An integrated computational environment for multidisciplinary, physics-based simulation and analyses of airbreathing hypersonic flight vehicles will be developed. These vehicles are among the most promising alternatives for the next generation of Highly Reliable Reusable Launch Systems (HRRLS). The proposed work will enable development of models with varying fidelity, incorporating the coupled dynamic elements resulting from the tightly integrated airframe-engine configuration. These will include aero-propulsion and aero-elastic interactions as well as thermal loading. The effect of unsteady aerodynamics and nonlinear phenomena such as shock-shock interaction on vehicle performance will be evaluated. Simple and intuitive models for control design as well as high fidelity models for validation and simulation will be developed. The investigators' extensive experience with multidisciplinary software such as STARS and FLUENT will be an asset in this regard. Rather than creating completely new suit of software the approach proposed here is to develop new software when necessary but also produce codes which will enhance the present capabilities of existing software to handle coupled aero-propulsion as well as aeroelastic effects. The methods and products developed in this effort will significantly enhance the present capabilities for modeling, simulation, and control design, for airbreathing hypersonic flight vehicles.
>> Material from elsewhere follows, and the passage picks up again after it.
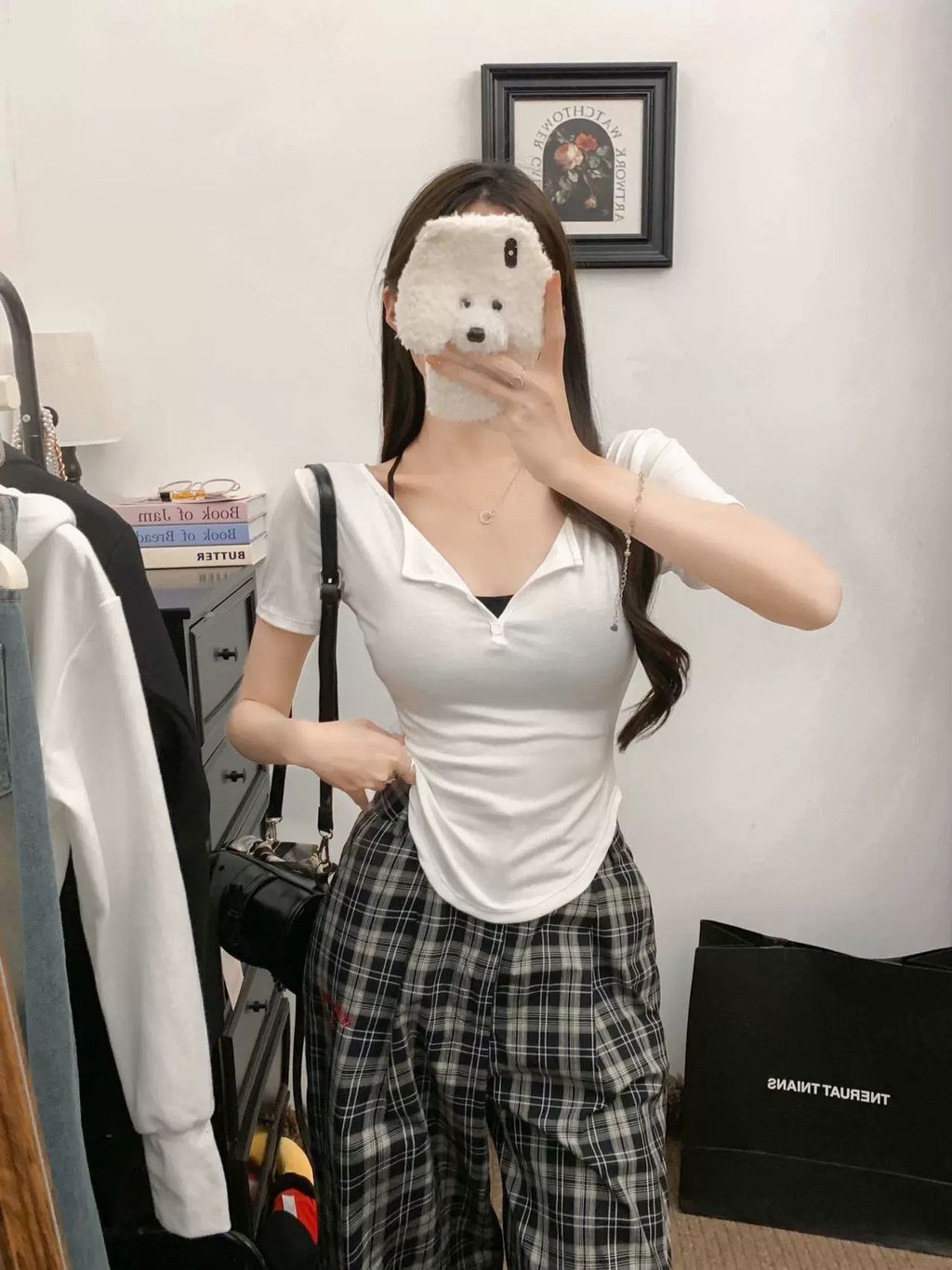 image_19A46239-9121-4586-825A-0C1BE501442A_1774637830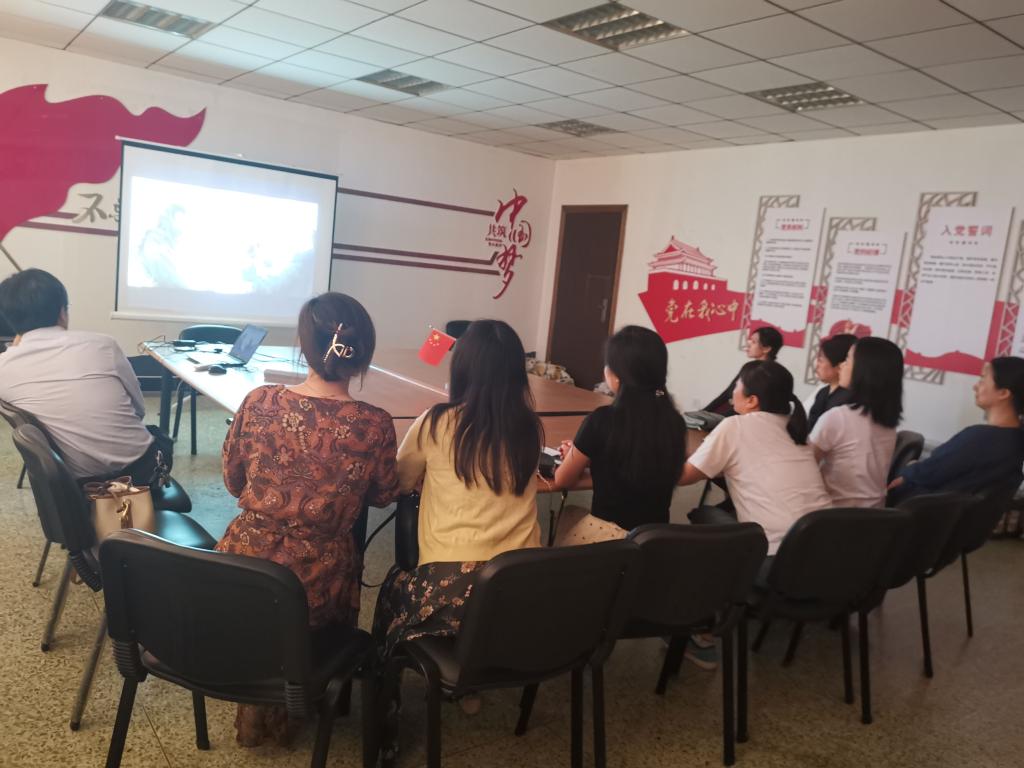 bv伟德国际体育官方网站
In Phase I the team completed all scheduled initial efforts, 1) evaluation of relevant current simulation capabilities, 2) development of aero-thermo-elastic-propulsion simulation of air-breathing hypersonic flight vehicles (AHFVs) and other flight vehicles, and 3) generation of a set of recommendations for multidisciplinary simulation capability, as planned. Numerical examples of this capability are also presented herein. In Phase II we propose to complete our ongoing effort in the developmental area and further extend the tasks that will include acoustics. This team will complete development of an independent, Multidisciplinary Design and Analysis (MDA) tool, primarily employing their respective numerical, finite element based, computer codes in disciplines as Aerodynamics, Thermal, Structures, Propulsion, Acoustics, and Controls, among others. The resulting MDA code, designed in modular form, could be effortlessly interfaced with existing commercial or user-provided codes, if desired. Once completed, the code is expected to have extensive applications in the design and analysis of flight vehicles with a TRL level of 6 or so. The NASA SBIR/STTR solicitation emphasizes the area of MDA as a current topic of primary importance for ARMD Fundamental Aeronautics Program, and this proposal is highly relevant to such a solicitation.